I have no skype and PM is not possible (maybe because to few posts)

Shinx


----------



## micheledip

ok


----------



## micheledip

just getting into it because coming from a marantz, i thought i would try the umc-200 for the price mated up to a xpr-5, speakers are MK s150 package


----------



## mircolino

Hi All,

I just received my calibrated Dayton EMM-6 mic from CSL so now I just need to calibrate the sound card.

I connected my Native Instruments Komplete Audio 6 USB sound card to the Emotiva UMC-200 preamp with a coax cable (from S/PDIF output 5/6 on the sound card to the Coaxial 1 input on the preamp).
I then closed the loop by running a RCA mono cable from the preamp Left-Front output to the sound card input 1 (48V off).

On the preamp menu I set the front speaker size to "big" to disable the crossover frequency, and the input mode to "direct" to disable any processing.

On REW I selected the following options:

Drivers: ASIO (buffer size: 512 samples)
Sample Rate: 48 kHz
ASIO Device: Komplete Audio 6
Output: 5: S/PDIF Output L
Input: 1: Input 1 L

By using a combination of input gain on the sound card and volume level on the preamp I matched both Out and In to -12dB FS in REW and run the calibration (the image attached is the result).

Somehow I was expecting a flatter response :huh:. Am I doing things right? Am i right to include the Emotiva UMC-200 in the calibration loop, or should I just calibrate the sound card?

Thanks,

---Mirco.


----------



## EarlK

Micro said:


> <<<<<<SNIP>>>>>
> 
> Somehow I was expecting a flatter response . Am I doing things right? Am i right to include the Emotiva UMC-200 in the calibration loop, or should I just calibrate the sound card?
> 
> Thanks,
> 
> ---Mirco.


I would say you are doing things right / though I like to include the mic pre-amp within the SC calibration loop-back ( since mic pre-amps are generally less linear than line ins or outs ) .
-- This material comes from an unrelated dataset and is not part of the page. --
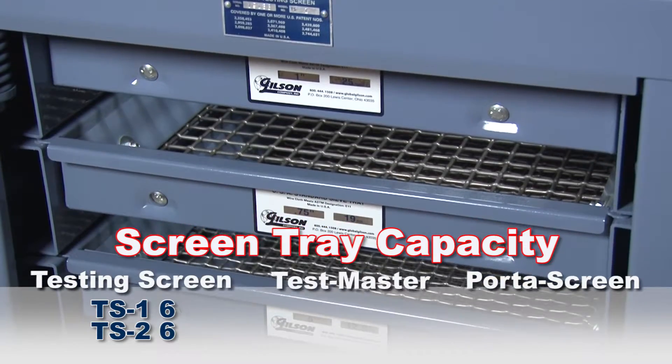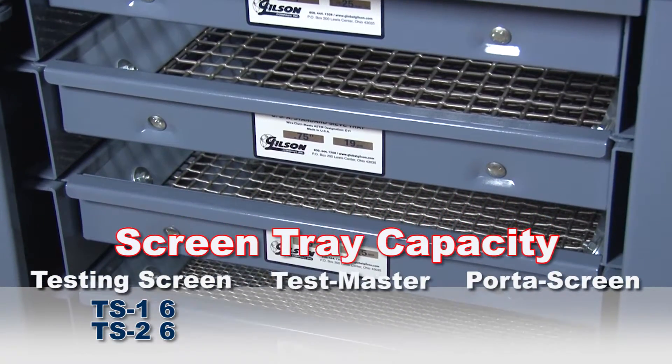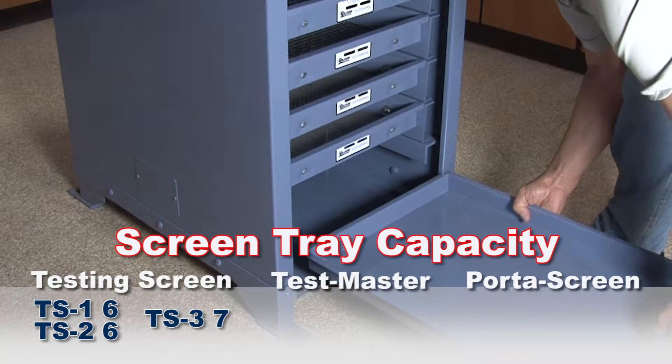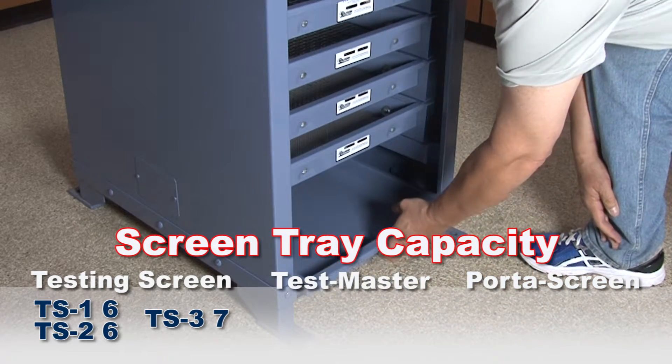The TS1 and TS2 testing screens have six mounting slots. Whereas the TS3 model has seven mounting slots, and the dustpan can be placed on the bottom shelf, freeing up one of the slots for an additional screen tray.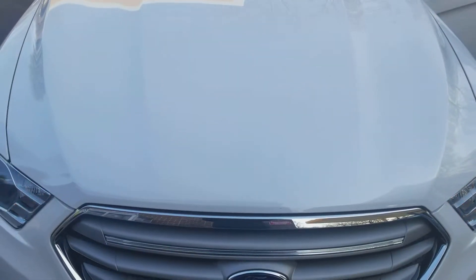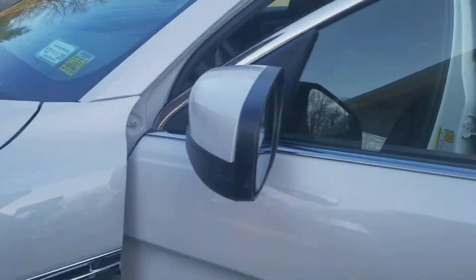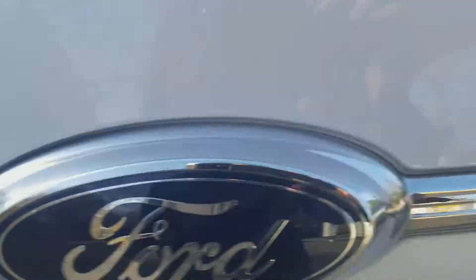Welcome to Gage Car Reviews and today I'm reviewing this 2016 Ford Taurus. Here's the side, at the back we've got the Taurus, the Ford SEL all-wheel drive, and the side again.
That system response is quite respectable // keep in mind the little LF wiggle is only a mere fraction of a db . 

:sn:


----------



## mircolino

Thank you so much for the confidence boost  Now I'm finally ready to start equalizing!
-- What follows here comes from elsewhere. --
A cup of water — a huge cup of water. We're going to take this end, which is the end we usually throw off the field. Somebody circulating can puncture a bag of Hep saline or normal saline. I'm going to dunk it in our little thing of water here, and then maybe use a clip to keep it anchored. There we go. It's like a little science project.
BTW, input 1 on the "Native Instrument Komplete Audio 6" sound card is the mic preamp input. So the graph above includes the mic preamp already. I'll experiment with other inputs to see if I get a better response, but you are right, ultimately that's the input the calibration mic is going to use.


----------



## mircolino

Now that I got the sound card calibrated with REW, I'm trying to calibrate the SPL in REW following John Reekie's procedure.

My "sound card" is basically a combo Native Instruments Komplete Audio 6 USB audio I/F connected to a Emotiva UMC-200 preamp via SPDIF coax cable. While the mic input on the audio I/F is balanced the line out on the preamp are not.

I was wondering if the same procedure would work with a balanced input and an unbalanced output?

I could perform the calibration procedure with all unbalanced cables but then, will my Dyton EMM-6 have a different sensitivity when connected to the audio I/F with a balanced XLR cable?

Thanks,

---Mirco.


----------



## jtalden

mircolino said:


> While the mic input on the audio I/F is balanced the line out on the preamp are not.


The link to the Komplete Audio 6 in your post lists 4 balanced audio outputs. You can use one of those.


----------



## mircolino

jtalden said:


> The link to the Komplete Audio 6 in your post lists 4 balanced audio outputs. You can use one of those.


the DAC / preamp stage is handled by the Emotiva UMC-200 which doesn't have balanced outputs.


----------



## jtalden

There is no need to go through the UNC-200 - it serves no purpose for a mic cal.

We only need to create a 1000 Hz sine wave of the appropriate voltage. The Komplete is the correct tool for that.

The concept is to use the Komplete to output a known signal level and use that signal to adjust the input level of the Komplete.


----------